You know, I’m sort of jealous. Because I’ve eaten something like three po’boy sandwiches in the past three days, and every single time I’ve wondered, as I was eating, where the odd name po’boy originated. But didn’t want to take out my grubby phone during the meal to find out.
I’ve also wondered whether this is a problem that Google Glass could solve … “If I had Google Glass right now, I would already know that the term po’boy originated in a New Orleans restaurant owned by former streetcar workers Benny and Clovis Martin, who served the sandwiches to off duty street car workers (in Louisiana dialect Po’boys) during a 1929 strike against the street car company.”
Guess the name stuck.
If I had Google Glass (mine would be Charcoal) I would know this trivia tidbit without having to rudely take out my phone.

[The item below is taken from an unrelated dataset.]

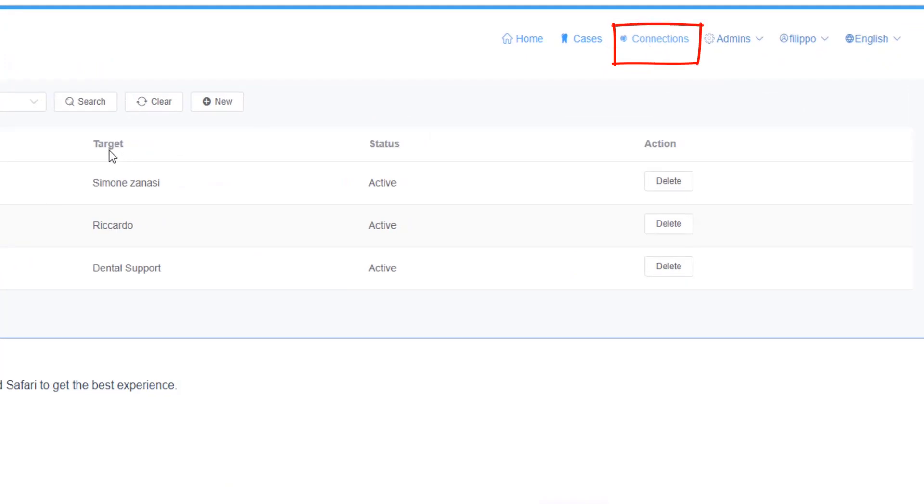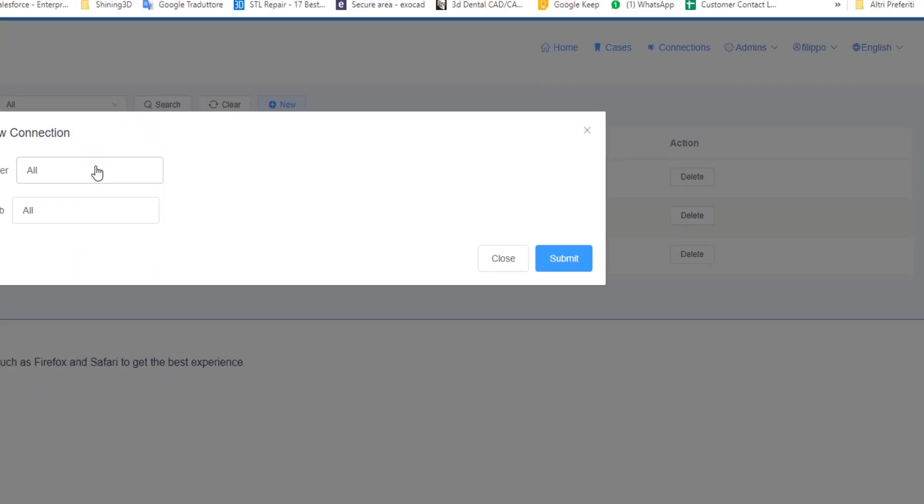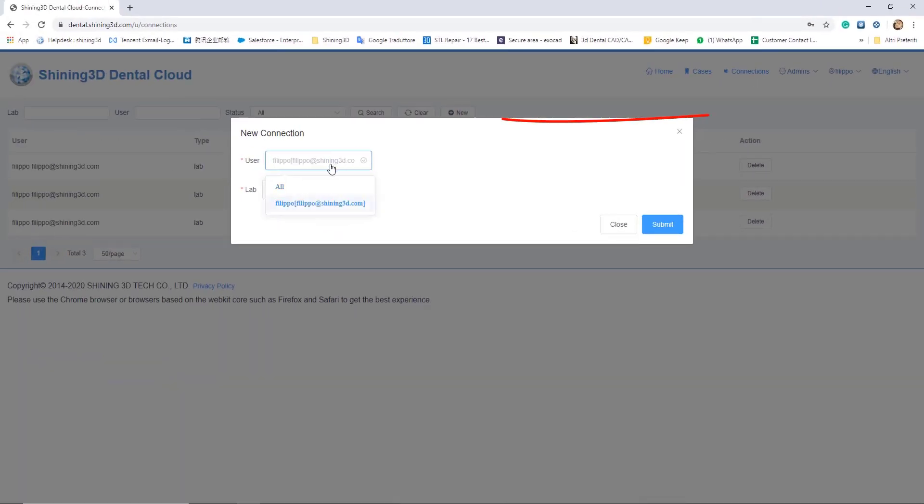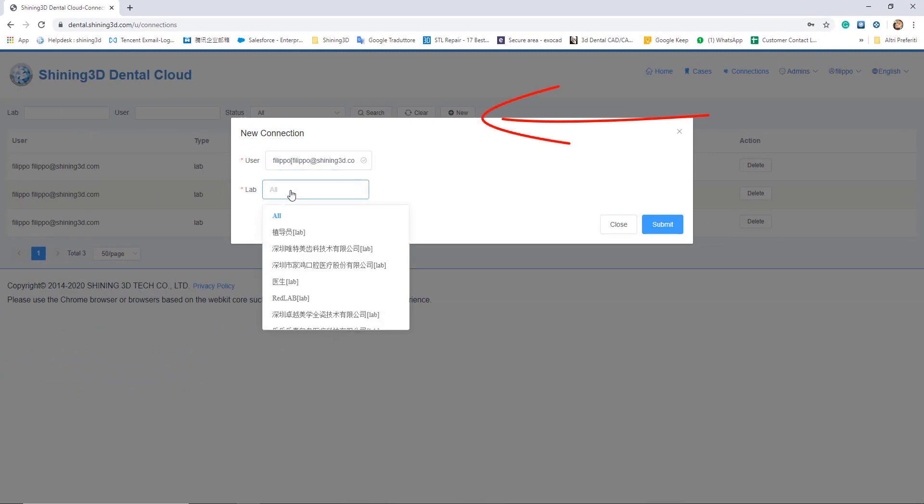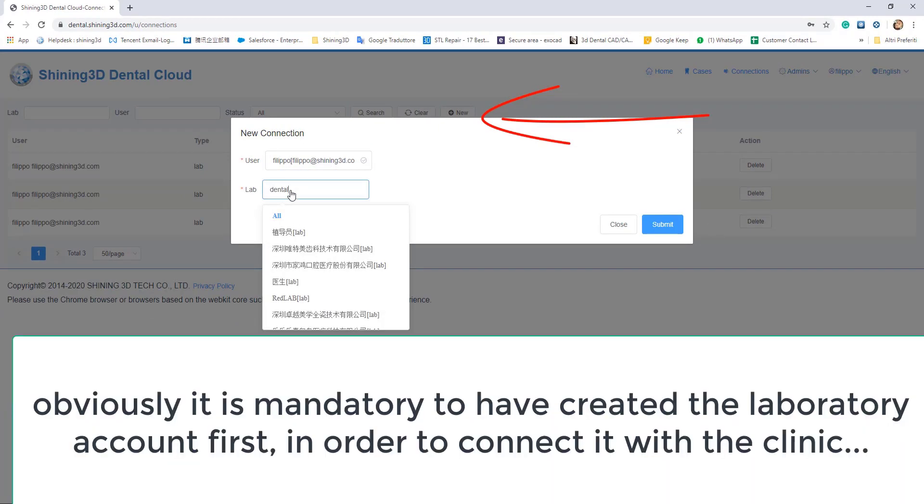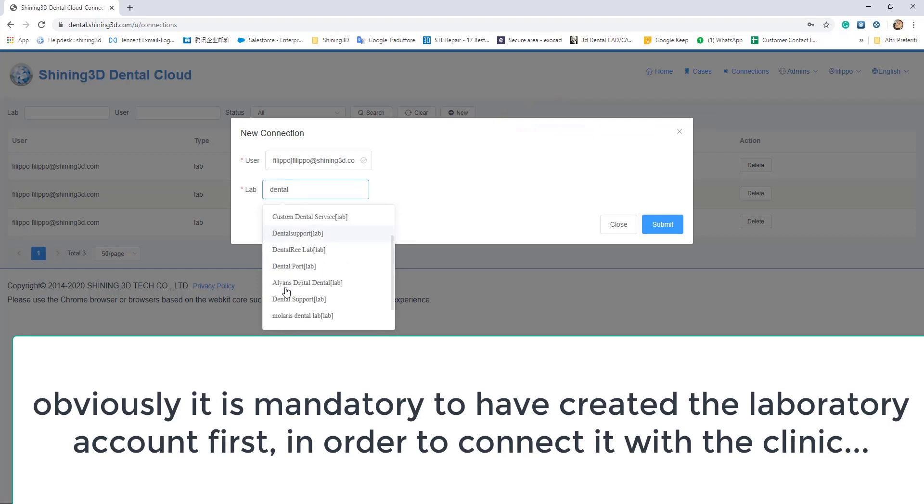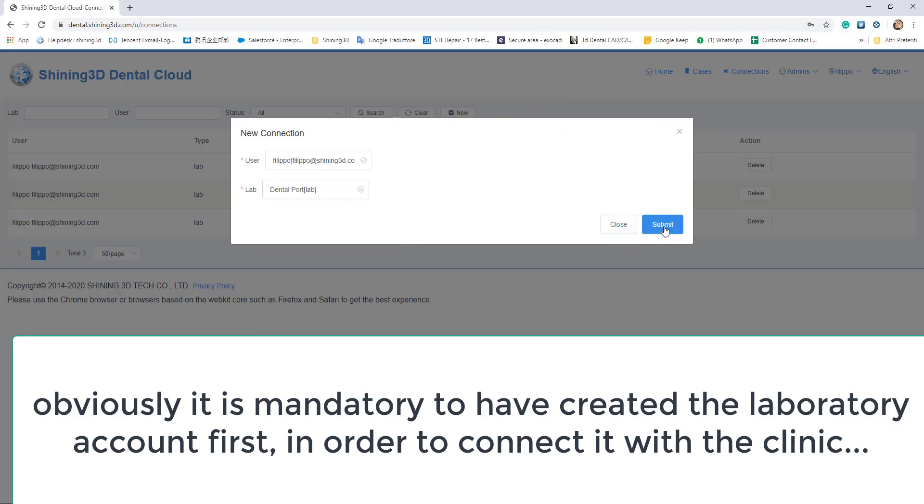Then clicking on connections, then new, it's possible to connect your account with the lab. Obviously, it's mandatory to have created the laboratory account first in order to connect it with the clinic.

In fact, it would be a conversation starter in and of itself that I was using the Glass to search for this bit of arcane information. And this would vie for the most first-world solution to the world’s most first-world problem.
Also excited about the potential of Google Glass, Xoogler Hunter Walk pointed out the issues surrounding a $1,500 piece of hardware in a post warning of the wearable technology’s inevitable glass class ceiling, “The first year of live Glass videos feeds [will be a] TV station for the 1% containing extreme sports, exotic locations, hipster brunches and electric car POVs.”
Sergey Brin, a founder of Google, and his wife, Anne Wojcicki, a biologist and entrepreneur, traversed the party wearing pairs of Google Glasses [sic]. They shot video as they walked around and let other guests try on the prototypes. “We’ve come a number of times, and no one ever wants to talk to us,” Ms. Wojcicki said. “Now we’re very popular.”
Adulthood, it’s just like high school except the nerds have finally figured out how to hack it. And are really hyperbolically wealthy.
It’s only a matter of time until “Rich Kids Of Google Glass.”